** Opening INFORMATION GIVEN block **

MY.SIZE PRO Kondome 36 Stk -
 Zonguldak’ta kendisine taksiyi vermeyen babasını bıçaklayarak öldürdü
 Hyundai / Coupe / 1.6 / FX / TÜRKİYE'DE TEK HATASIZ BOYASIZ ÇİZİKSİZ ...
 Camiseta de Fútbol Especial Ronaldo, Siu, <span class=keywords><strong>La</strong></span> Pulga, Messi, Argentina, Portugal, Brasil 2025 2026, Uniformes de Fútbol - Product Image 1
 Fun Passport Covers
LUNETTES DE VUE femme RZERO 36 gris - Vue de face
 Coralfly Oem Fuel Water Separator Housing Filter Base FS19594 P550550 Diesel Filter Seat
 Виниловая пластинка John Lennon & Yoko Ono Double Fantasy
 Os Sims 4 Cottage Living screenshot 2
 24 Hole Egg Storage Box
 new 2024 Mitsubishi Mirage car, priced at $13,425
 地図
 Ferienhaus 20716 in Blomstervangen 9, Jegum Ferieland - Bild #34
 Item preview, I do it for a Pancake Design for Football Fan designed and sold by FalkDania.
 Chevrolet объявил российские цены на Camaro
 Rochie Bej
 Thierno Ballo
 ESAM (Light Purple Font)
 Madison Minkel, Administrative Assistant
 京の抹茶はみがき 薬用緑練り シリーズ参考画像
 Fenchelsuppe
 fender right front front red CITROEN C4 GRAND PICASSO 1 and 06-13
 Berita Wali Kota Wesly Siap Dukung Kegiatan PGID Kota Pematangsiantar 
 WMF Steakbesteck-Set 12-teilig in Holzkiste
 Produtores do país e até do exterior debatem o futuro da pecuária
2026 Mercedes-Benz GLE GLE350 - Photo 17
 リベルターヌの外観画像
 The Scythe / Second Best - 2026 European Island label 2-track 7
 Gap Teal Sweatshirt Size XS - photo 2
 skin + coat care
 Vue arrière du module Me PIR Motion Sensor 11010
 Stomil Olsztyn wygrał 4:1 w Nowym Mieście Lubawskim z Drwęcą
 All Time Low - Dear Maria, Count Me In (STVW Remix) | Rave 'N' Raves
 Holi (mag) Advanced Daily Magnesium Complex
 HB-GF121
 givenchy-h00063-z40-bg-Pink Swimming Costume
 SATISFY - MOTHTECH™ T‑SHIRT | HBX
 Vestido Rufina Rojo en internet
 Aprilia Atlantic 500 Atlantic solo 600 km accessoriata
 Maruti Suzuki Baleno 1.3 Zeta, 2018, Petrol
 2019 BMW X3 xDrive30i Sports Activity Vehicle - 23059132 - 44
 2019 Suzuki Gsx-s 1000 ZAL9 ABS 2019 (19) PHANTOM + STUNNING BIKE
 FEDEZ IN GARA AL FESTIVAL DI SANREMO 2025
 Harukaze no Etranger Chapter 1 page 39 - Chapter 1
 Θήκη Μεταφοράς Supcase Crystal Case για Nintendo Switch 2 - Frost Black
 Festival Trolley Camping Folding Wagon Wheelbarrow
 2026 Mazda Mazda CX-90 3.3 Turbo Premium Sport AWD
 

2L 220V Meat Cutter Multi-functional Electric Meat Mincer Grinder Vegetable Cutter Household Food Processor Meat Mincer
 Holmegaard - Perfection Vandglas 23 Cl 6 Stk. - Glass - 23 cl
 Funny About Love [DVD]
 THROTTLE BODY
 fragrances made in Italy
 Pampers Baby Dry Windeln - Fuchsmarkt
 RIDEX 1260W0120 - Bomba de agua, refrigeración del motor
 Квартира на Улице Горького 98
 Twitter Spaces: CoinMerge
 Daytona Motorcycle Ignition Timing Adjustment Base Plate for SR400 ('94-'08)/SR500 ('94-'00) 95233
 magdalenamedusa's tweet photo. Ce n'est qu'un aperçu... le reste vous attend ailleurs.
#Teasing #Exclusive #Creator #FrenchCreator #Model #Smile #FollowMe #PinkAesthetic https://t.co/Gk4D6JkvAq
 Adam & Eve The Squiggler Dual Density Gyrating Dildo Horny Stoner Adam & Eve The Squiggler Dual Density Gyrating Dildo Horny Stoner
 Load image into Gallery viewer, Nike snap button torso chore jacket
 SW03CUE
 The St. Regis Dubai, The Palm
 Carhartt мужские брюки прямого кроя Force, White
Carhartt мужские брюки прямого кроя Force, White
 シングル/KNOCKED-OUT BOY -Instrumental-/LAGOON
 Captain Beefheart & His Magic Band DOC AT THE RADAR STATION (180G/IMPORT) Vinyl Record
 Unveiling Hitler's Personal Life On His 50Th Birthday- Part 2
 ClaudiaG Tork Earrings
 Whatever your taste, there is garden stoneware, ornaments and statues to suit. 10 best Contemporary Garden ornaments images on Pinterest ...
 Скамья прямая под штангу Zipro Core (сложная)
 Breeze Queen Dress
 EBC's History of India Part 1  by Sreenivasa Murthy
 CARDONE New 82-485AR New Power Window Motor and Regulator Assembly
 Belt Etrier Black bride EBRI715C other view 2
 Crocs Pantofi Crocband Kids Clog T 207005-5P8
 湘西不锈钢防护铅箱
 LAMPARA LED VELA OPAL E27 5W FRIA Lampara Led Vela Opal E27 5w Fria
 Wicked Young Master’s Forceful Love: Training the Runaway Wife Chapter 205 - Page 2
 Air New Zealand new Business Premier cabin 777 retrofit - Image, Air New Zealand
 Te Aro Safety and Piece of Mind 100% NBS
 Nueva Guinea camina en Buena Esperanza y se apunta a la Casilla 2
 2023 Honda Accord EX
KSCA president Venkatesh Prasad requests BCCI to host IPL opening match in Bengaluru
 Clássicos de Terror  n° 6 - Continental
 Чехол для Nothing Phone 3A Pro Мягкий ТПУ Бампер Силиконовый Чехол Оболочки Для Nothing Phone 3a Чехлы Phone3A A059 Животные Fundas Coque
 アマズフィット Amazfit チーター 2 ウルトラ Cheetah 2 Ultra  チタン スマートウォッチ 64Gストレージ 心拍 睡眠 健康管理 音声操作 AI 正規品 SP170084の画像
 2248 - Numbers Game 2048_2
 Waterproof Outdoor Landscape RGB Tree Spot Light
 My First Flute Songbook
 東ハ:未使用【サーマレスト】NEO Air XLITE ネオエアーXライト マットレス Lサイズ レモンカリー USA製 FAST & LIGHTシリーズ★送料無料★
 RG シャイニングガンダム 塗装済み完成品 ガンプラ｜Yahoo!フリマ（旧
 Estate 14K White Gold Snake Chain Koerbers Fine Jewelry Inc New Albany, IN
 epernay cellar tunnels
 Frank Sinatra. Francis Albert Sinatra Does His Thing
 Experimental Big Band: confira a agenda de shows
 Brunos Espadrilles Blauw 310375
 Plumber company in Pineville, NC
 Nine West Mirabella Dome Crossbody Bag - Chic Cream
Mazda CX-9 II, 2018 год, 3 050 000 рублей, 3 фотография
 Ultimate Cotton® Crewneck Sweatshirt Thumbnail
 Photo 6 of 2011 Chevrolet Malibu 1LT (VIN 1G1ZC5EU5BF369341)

** Closing INFORMATION GIVEN block **

WHAT IS NEEDED:
Pick out each line in the material containing "Carhartt".

EXERCISE OUTPUT:
 Carhartt мужские брюки прямого кроя Force, White
Carhartt мужские брюки прямого кроя Force, White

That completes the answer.